> _Try it_: Return the lines that run from the line containing "Patriotic Raccoon Fireworks" through the end of the entries, both ends included. Leave out all pictures.

> _Supplied data_:
▬▬▬▬▬▬▬▬▬▬

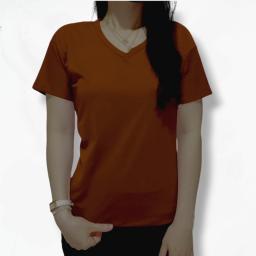 BR23691 - KAOS POLOS LEHER V CINNAMON LENGAN PENDEK - L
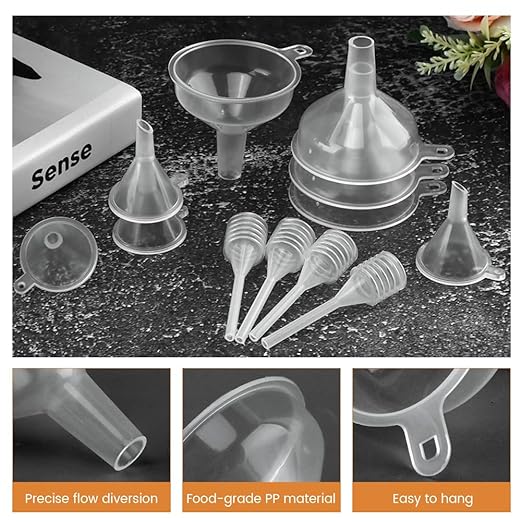 Mini Funnel Kit, 12-Piece Set: 8 Small Funnels (2 Sizes) + 4 Mini Droppers, Food-Grade PP Funnels for Filling Small Bottles, Oils, Spices and Perfume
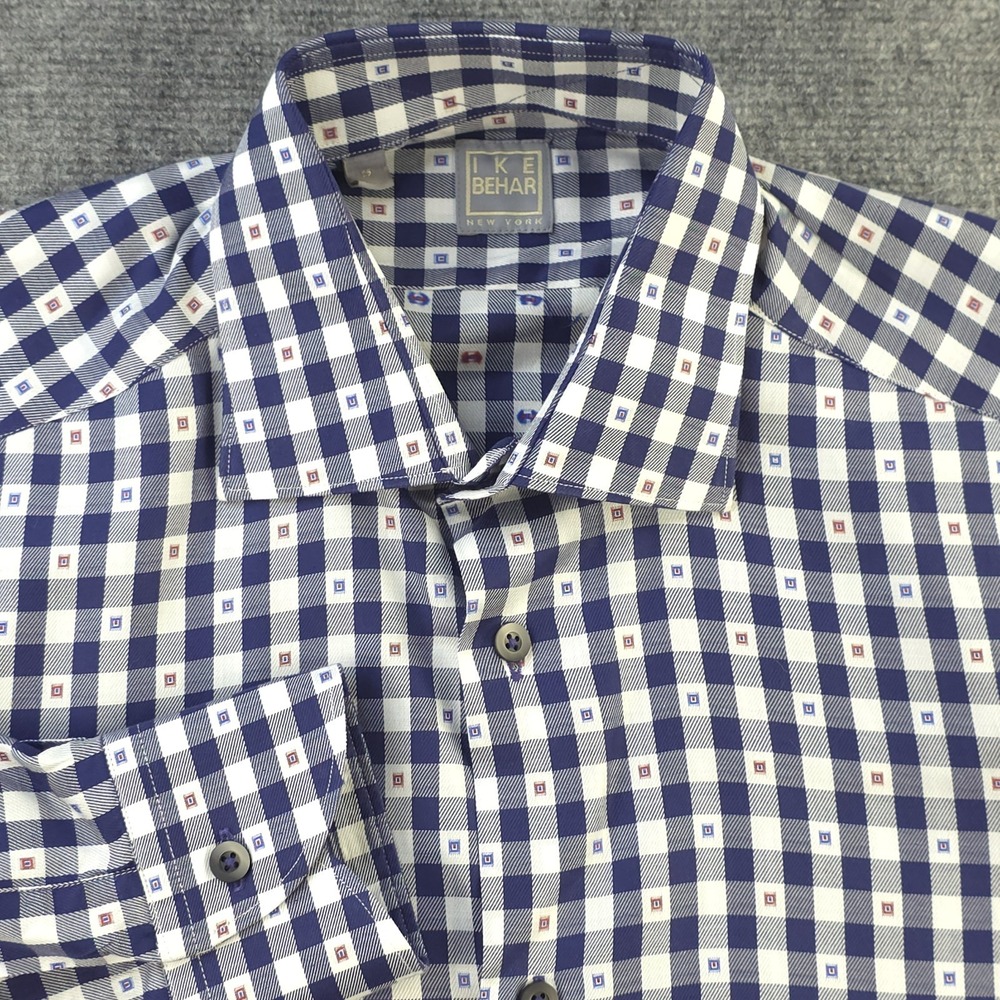 Ike Behar Shirt Small Blue Geometric Long Sleeve‎ Button Up Spread Collar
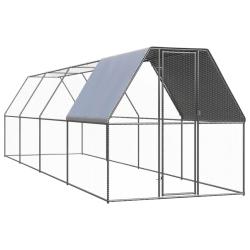 Poulailler d'ext&eacute;rieur 2x8x2 m Acier galvanis&eacute;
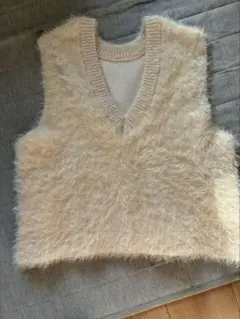 DISCOAT 前後2WAYフェザーヤーンショートベスト　アイボリー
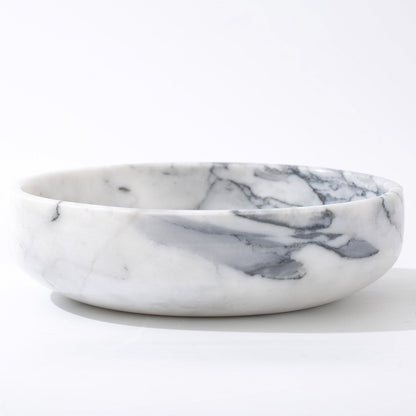 CM CHIC MONDAY 6.7" Decorative Bowl - Natural Marble Key Bowl & Centerpiece (White & Grey)
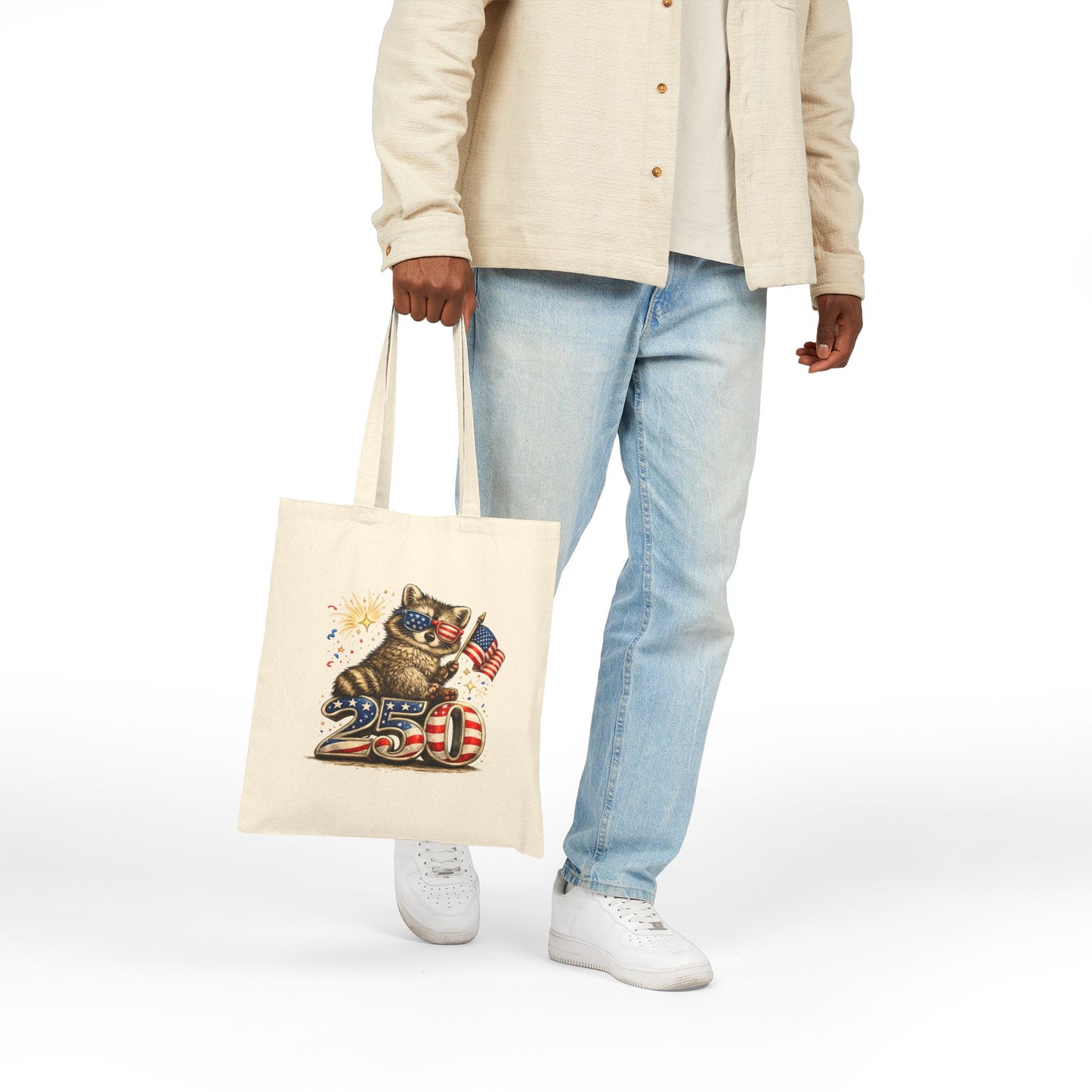 Patriotic Raccoon Fireworks Tote Bag — '250' Canvas Tote for Fourth of July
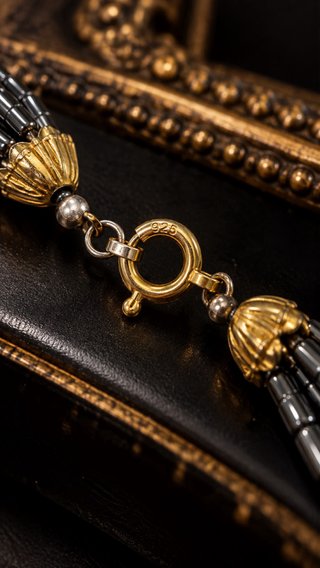 Collana vintage quarzo rosa e ematite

▬▬▬▬▬▬▬▬▬▬

> _Task solution_:
 Patriotic Raccoon Fireworks Tote Bag — '250' Canvas Tote for Fourth of July
 Collana vintage quarzo rosa e ematite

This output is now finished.